This weekend and last are such a contrast.

Last weekend (the Easter weekend) held for us two church services, a birthday party, a family dinner and not much else. Our down time was spent watching BCDs (British Crime Dramas), playing with our puppy and few household chores.

This weekend we have spent all of Saturday doing chores around the house to knock a few things off the legendary to do list. The power washer was in full force, paint was utilized, the garage and storage area of our basement organized, deck furniture cleaned and put into summer position. And that is only one day!

As we were outside we got to meet a neighbor. She is in her seventies, a widower who is involved in local theatre, loves gardening and is a sun-seeker (I think we might be kindred sprits). Her smile is warm and welcoming and her eyes sparkle.

“When you do what you love,” she said of her late in life discovery of joy in acting, “life is just better.”

I continued considering her words the rest of the day and into this new morning. But, I also considered them in relation to something my hubby said of those who are aging,

“There are those who are living to die,
while others are dying to live.”

Last weekend was a good one, a mix of peopling and rest, but … maybe too much rest. I remember waking last Tuesday and my body ached … from doing nothing. This weekend I have kibitzed and laughed with my neighbors, moved heavy things, painted a table, swept and cleaned. I love doing these things, I am confident in doing them. My body is a bit achy this morning, but … I feel good! Progress was made, things got done.

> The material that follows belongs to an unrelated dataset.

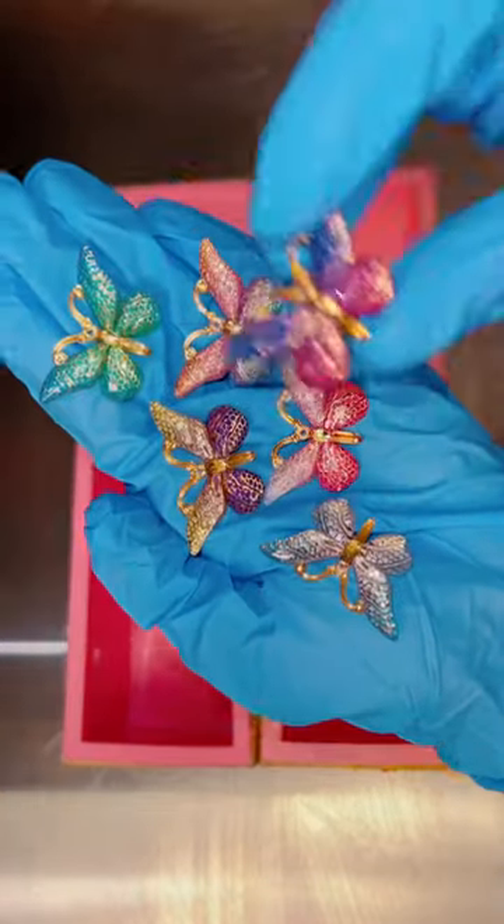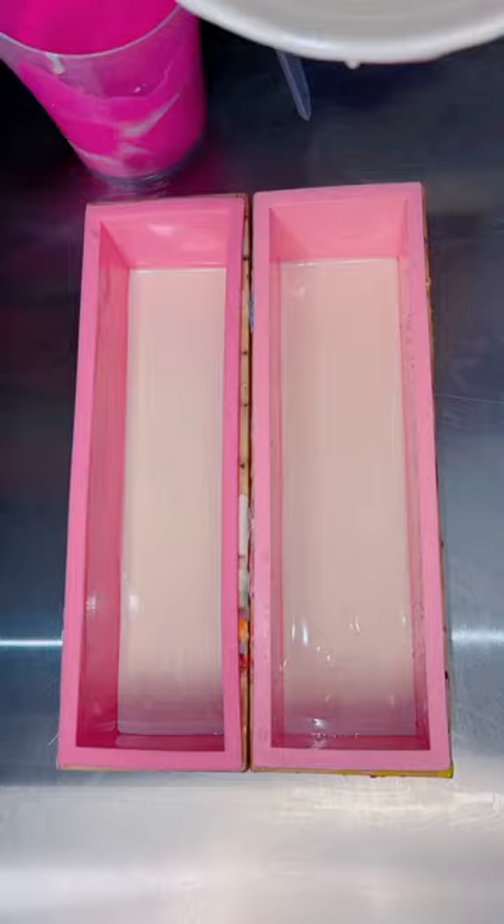Tonight I wanted to bring back my traditional high top frosted soap, and I think this is one of the most beautiful bars that I've ever made. I had these absolutely stunning butterfly embeds to go onto the top of this soap, which inspired the whole bar.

I realized this morning that movement is key to keep this body feeling better … sitting still, though good for a bit, will not prevent the aches and stiffness associated with a moving-beyond-midlife body.

The same is for our minds. It is not healthy to sit still with thoughts for too long. Pain from mulling over our worries and sorrows can steal life from our souls. We cannot benefit from sitting still with our pain and struggles. We need to face problems that we can solve, to stretch our minds from problem to solution (whether it is arranging furniture, deciding on a paint color for a table or doing a crossword or jigsaw puzzle). Our minds need variety, engagement, the ability to do things that feed our souls, that we are confident in doing.

I want to be dying to live … all the days, every breath of my life, because life is just better that way.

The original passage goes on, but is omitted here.